Make sure communication channels are available, not only email but use IM and telephone conferences to make sure everybody is on the same page - avoid assuming things.

Have a common source repository, that way everybody is in sync with one another when releases are done and you have control of the project status.

If possible exchange one or two team members with the outsourcing group for a limited period of time, this works well for knowledge transfer as well as creating social ties.
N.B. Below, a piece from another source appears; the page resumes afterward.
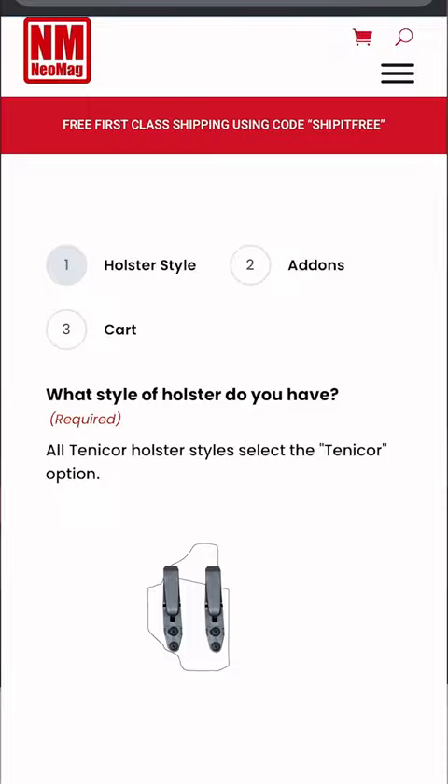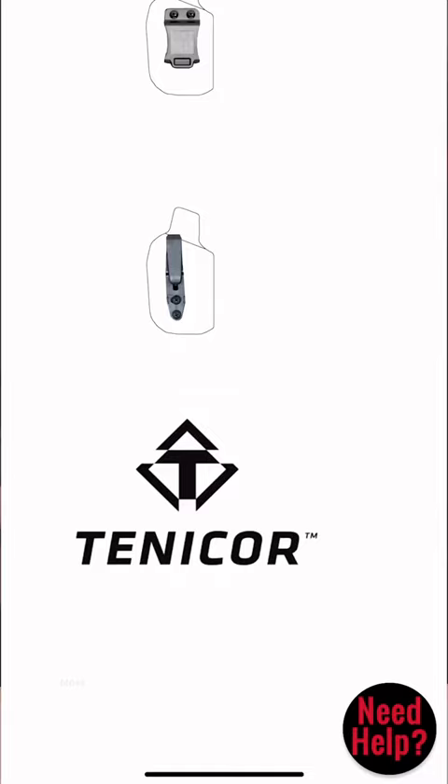If you want more help when you're on the website, simply click the red box that says 'click here for Alias System Builder.' It'll walk you through choosing the correct clip for your style holster and give you the option to choose whatever receiver you want, and it's automatically going to add everything to your cart that you're going to need. If you have any other questions, leave them down below.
Don't treat them as "they and us".

Anders K.
+1  A: 

I am giving my suggestions as positives instead of negatives:

  • agree upon a common coding style
  • do specs: UML and discuss them
  • communicate a lot back and forth
  • do modular design and pass modules to outsourcing
  • keep the global vision and architecture to yourself
  • test and integrate often
Elzo Valugi
Curious; why keep the vision/architecture to yourself? I've seen it done both ways, and feel you're right, but don't feel that way strongly.
Dean J
Also, +1 on giving positives.
Dean J
Outsource a module where you provide the input, you specify the output, without giving details about the overall implementation. Also try to outsource module that are kind of standalone by themselves, like chat or galleries.